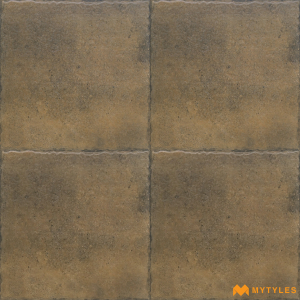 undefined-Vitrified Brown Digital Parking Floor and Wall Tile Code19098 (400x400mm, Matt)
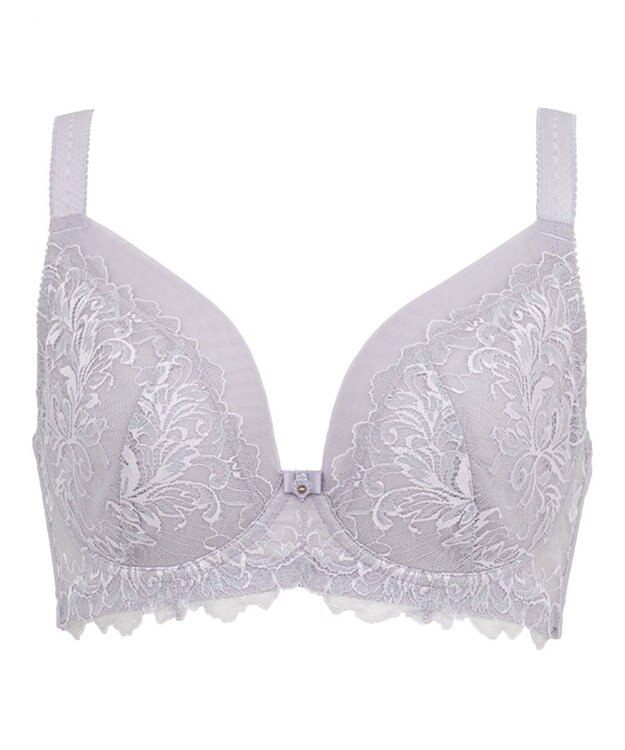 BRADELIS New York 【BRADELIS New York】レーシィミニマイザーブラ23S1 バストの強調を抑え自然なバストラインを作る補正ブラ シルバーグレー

* * *

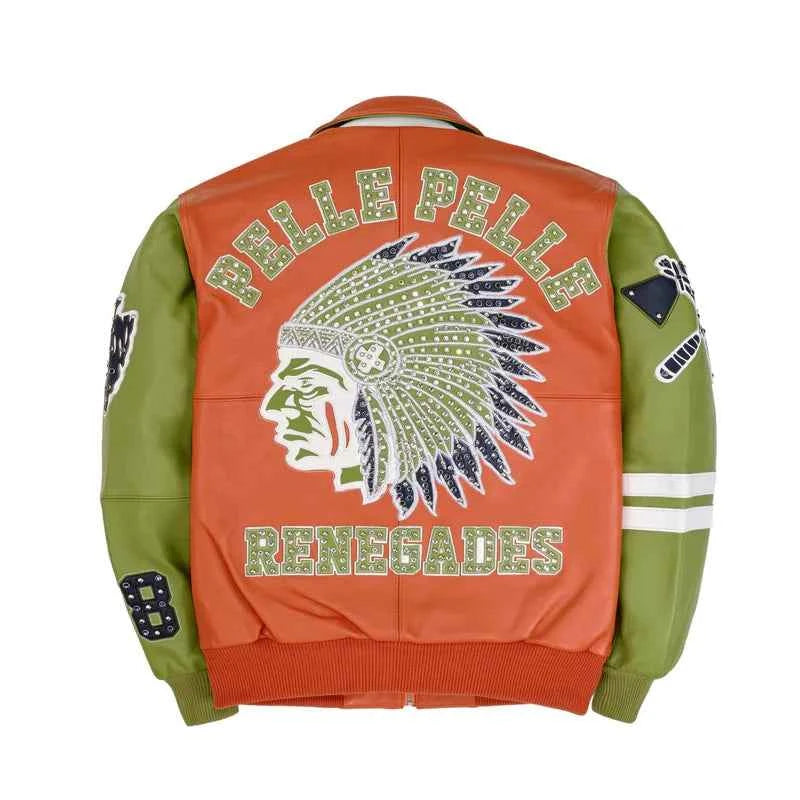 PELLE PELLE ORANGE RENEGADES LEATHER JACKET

==

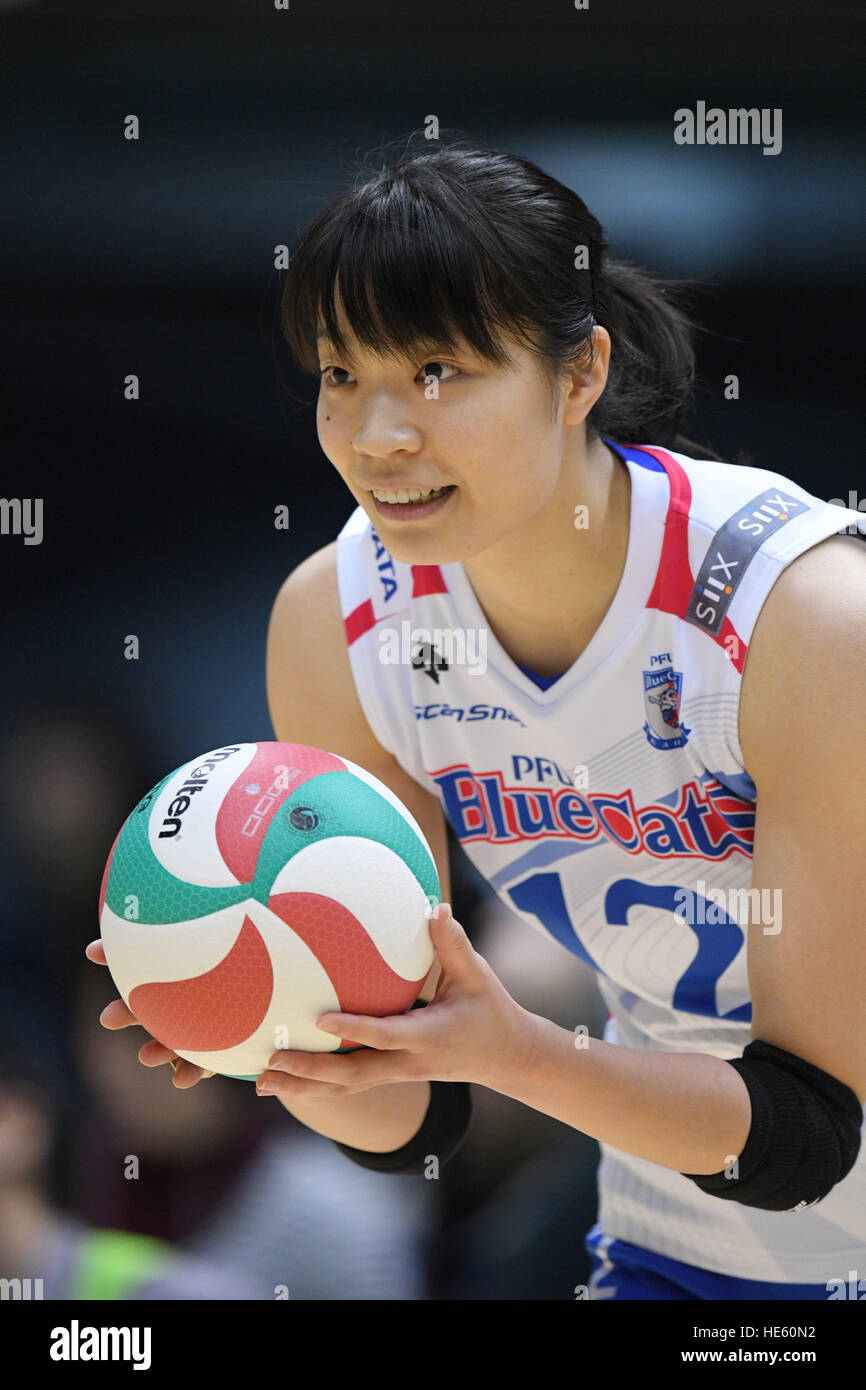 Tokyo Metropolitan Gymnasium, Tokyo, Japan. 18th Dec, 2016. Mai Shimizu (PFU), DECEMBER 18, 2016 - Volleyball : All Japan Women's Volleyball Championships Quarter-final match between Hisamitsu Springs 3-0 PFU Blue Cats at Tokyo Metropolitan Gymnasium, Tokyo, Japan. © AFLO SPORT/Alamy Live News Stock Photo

What is needed: For this exercise, transcribe exactly the part of the records above that opens with the line containing "undefined-Vitrified Brown Digital" and closes with the one containing "BRADELIS New York 【BRADELIS". Pictures are not part of the copy.

Task solution:
 undefined-Vitrified Brown Digital Parking Floor and Wall Tile Code19098 (400x400mm, Matt)
 BRADELIS New York 【BRADELIS New York】レーシィミニマイザーブラ23S1 バストの強調を抑え自然なバストラインを作る補正ブラ シルバーグレー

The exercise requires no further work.